Tarzán no pagaba alquiler: ensayo sarcástico sobre el destino del artista en la jungla del mercado. Eladio Soto Barquero
Eladio Soto Barquero
En el fondo de la selva africana, entre lianas, monos parlanchines y algún que otro rugido felino, Tarzán vivía felizmente ajeno al IVA, al sistema bancario y a las reuniones de Zoom. No necesitaba un máster en administración de empresas para saber cuándo tenía hambre, ni requería un subsidio estatal para construir su casa en la copa de un árbol. Tarzán era libre. Autárquico, autosuficiente, un sujeto sin recibos ni suscripciones digitales. Bastaba con su fuerza, su astucia y una habilidad felina para balancearse de rama en rama. Comparado con él, el hombre moderno es casi un parásito hiperdependiente. Desde la ducha caliente matutina hasta la cena pedida por app, cada instante de la vida civilizada está sostenido por una red de servicios, industrias y burocracias que harían llorar de confusión al rey de la jungla. El ser humano contemporáneo, pese a sus diplomas y su GPS emocional, no sabría distinguir una lechuga silvestre de una planta venenosa. Su sobrevivencia depende completamente de los demás: del tendero, del técnico de internet, del recolector de impuestos, del repartidor, del productor, del agricultor y del algoritmo.

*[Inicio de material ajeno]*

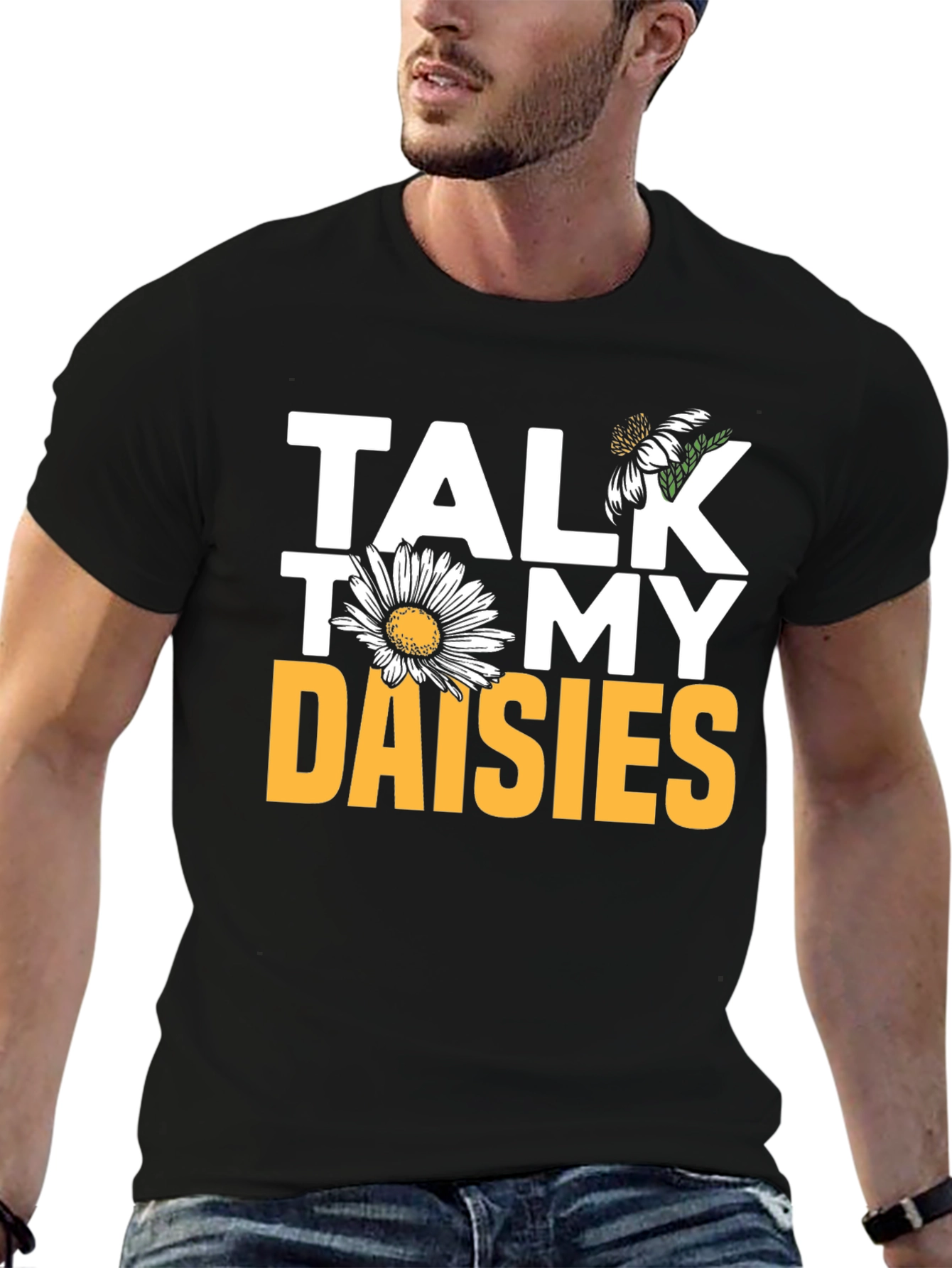 Talk To My Daisies Graphic Tee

Y así, en esta jungla de concreto y conexión 5G, el ciudadano común tiene dos opciones básicas: convertirse en asalariado —es decir, colgarse de la ubre estatal o corporativa— o lanzarse a la gran sabana del emprendimiento, donde puede terminar siendo león o gacela, millonario o masticado por los bancos. El emprendedor es el nuevo Tarzán neoliberal: se balancea no de lianas, sino de préstamos y contratos, y su grito de guerra suena más bien como una presentación de PowerPoint.

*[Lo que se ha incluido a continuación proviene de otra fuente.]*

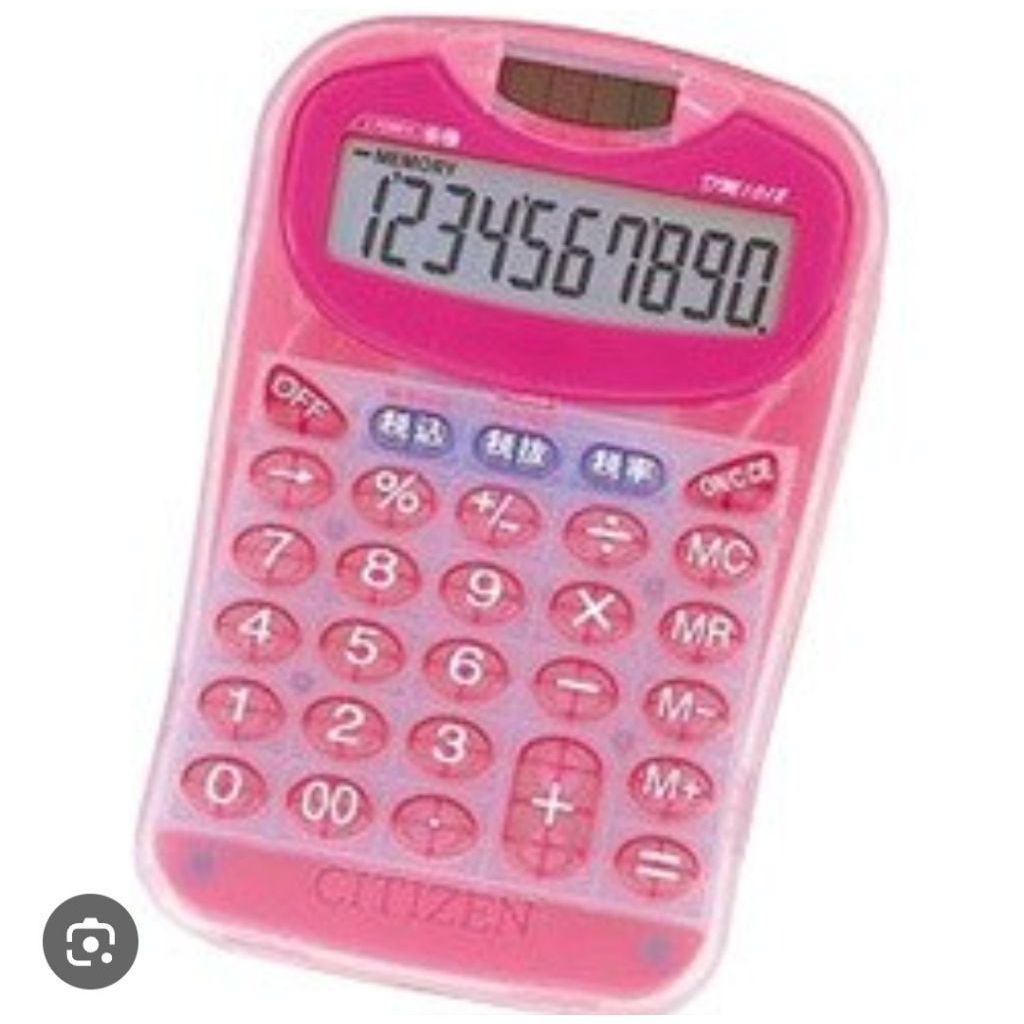 เครื่องคิดเลขcitizenสีชมพูงานญี้ปุ่น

En el rincón más dramático del ecosistema económico está el artista. Ese
espécimen peculiar que pinta, compone, esculpe o escribe, esperando que algún día su obra se cotice lo suficiente como para pagar la electricidad. Su drama no es menor: mientras el ingeniero construye puentes y el comerciante mueve mercancías, el artista intenta construir sentido. Pero ese sentido no siempre genera dividendos inmediatos. Y si bien su trabajo puede ser el alma secreta de una civilización —esa melodía que calma, esa imagen que sacude, esa palabra que despierta—, el mercado suele responder con un encogimiento de hombros… o con una invitación a dar clases gratis “por exposición”.
El político, por su parte, vive en otra selva: la de los contactos. No necesita ser eficiente ni creativo, sólo hábil para tejer telarañas. Su ingreso muchas veces no depende del valor que aporta, sino de a quién conoce, a quién obedece o a quién le debe favores. Tarzán, nuevamente, se escandalizaría. En su mundo, la ley era clara:el débil muere. En el nuestro, el mediocre asciende si tiene padrino.
Ante esto, cabe preguntar: ¿y si el artista, ese héroe cultural de voz tenue, recibiera justicia económica? ¿Y si existiera una institución —nacional o mundial— que valorara su trabajo no según las fluctuaciones del mercado, sino según su impacto en la dignidad y el espíritu humano?
Por supuesto, plantearlo suena casi indecente. ¿Pagarle a alguien por esculpir belleza? ¿Subsidiar la creación de algo tan poco útil como la verdad estética?
¡Sacrilegio! Los artistas, como bien sabe la modernidad funcional, deben sobrevivir de aire y aplausos. Que el sistema les reconozca un salario sería como darle vacaciones al burro: disruptivo, innecesario, peligroso.
Sin embargo, resulta que, cuando el arte desaparece o se empobrece, las civilizaciones se deshumanizan. Y entonces uno entiende, con cierta melancolía, que tal vez no es el artista el que está fuera del sistema, sino el sistema el que está fuera de sí. Que la civilización sin arte es solo infraestructura sin alma. Y que quizás, en lugar de ver al artista como un inútil decorativo, deberíamos verlo como el último heredero de algo que Tarzán, sin leer a Platón, ya entendía: que la conexión espiritual con la vida no se factura, pero sí sustenta.
Eladio Soto Barquero nació un 7 de enero de 1955. Vive en la Ciudad de Grecia y allí cursó también sus primeros estudios en la Escuela Simón Bolívar. Luego cursó el secundario en la Ciudad de Heredia, en el Colegio Claretiano de curas españoles. Más tarde hizo la Carrera de Arquitectura en la Universidad de Costa Rica, y en la Universidad Autónoma de Centro América se graduó de Licenciado en Arquitectura. Tiene también estudios musicales. Lo crió su abuelo que era compositor y luego estudió con la rusa Margarita Baratians.